Ethics in Financial Reporting

Accounting Ethics or Ethics in Financial Reporting is a serious issue in accounting. Different persons have different opinions regarding right and wrong in any situation or fact.

For example, an unethical work will seem unfair to anybody but this unethical work may seem fair to another one. In some companies, business managers could find themselves in positions where they feel stress to go against their personal ethics. For example, in ABC Company the manager of the utility section is accused of charging too much from customers, the purpose for doing the unfair means to rapidly achieve company goals and earn bonuses. If the moral principles will prevent the manager to do so then the principles are referred to as ethics of business. In spite of having different views among individuals, the right ethical manner will conduct behavior that will imply the impact of one’s role in society. An ethical manner will help a person go in the right way in both personal and professional life. A manufacturer of any transport company may be unable to solve the defect in order to save costs but this may lead the company to lose sales. The employees of any business enterprise should operate their business within an ethical framework. Although this ethical framework is basically based on individual experiences and training this ethical framework could be applicable to any business. There are a number of principles that form the basis for ethical behavior to apply in any business.

Since the 1920s the financial press has been occupied with the accounting scandals of Enron, WorldCom, HealthSouth, AIG, and others. For these scandals of financial reporting or accounting the mistrust of financial reporting is raging. Ethical considerations could affect everything that an accountant does in the company. Investors and creditors require appropriate and reliable information about a company for making their decision. It influences both the investment decision and credit decision. As the investor thinks that this financial Information would have no credibility or that the financial reports have not been fairly presented. A well-functioning economy basically depends on accurate and faithful financial reporting. To present reliable financial information to the public, the SEC requires companies to have their financial statements audited by independent accountants™. Regulators and lawmakers of the United States were very concerned that the economy of the country would suffer if investors lost confidence in corporate accounting and were reluctant to invest because of unethical financial reporting. In order to overcome this situation, the United States Congress passed the Sarbanes-Oxley Act of 2002, SOX whose aim is to reduce unethical corporate behavior in the business and decrease the likelihood of future corporate scandals. For implementing this act of SOX, top management becomes aware of the accuracy of financial information. These acts also lead to some severe penalties some if the management is associated with unfair means in the business or for preparing fake financial activity. The act of SOX also encourages the involvement of the independence of the outside auditors. The external auditors evaluate the accuracy of financial statements and increased the responsibility of boards of directors in their oversight role. The standards of conduct that judge or evaluate one’s actions whether it is wrong or right, honest or dishonest, fair or not fair, are termed as ethics. Effective financial reporting is prepared on the basis of proper ethical behavior.

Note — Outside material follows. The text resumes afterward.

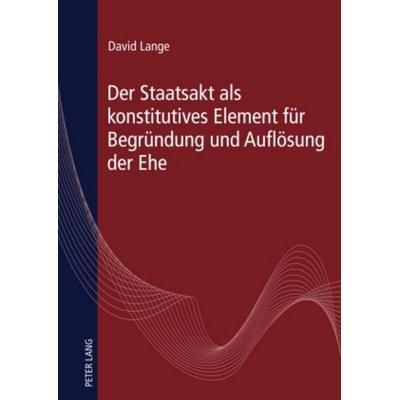 Der Staatsakt als konstitutives Element für Begründung und Auflösung der Ehe, Gebundene Ausgabe von David Lange, Peter Lang GmbH, Internationaler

It will be beneficiary to apply the three below steps in the various respect o business as well as personal life.

  • 1. Identifying an ethical situation and the ethical issues involved with the business is an effective step for applying ethics. An accountant should employ personal ethics in order to identify ethical situations and issues. Some businesses and professional companies have their own written codes of ethics which are provided for guiding the accountants in some business situations.
  • 2. Recognizing and investigating the principal elements in those business situations is the next step for conducting the proper ethics. Then the accountant should identify the persons who may be harmed or benefit from the situation and make them aware of their responsibilities and obligations that are correlated with the business.
  • 3. Specifying the alternative way and considering the impact of each alternative with their consequences on various stakeholders is the last approach. Sometimes there may be one right answer or other situations may demand more than one right solution. These business situations require an evaluation of each and a selection of the best alternative.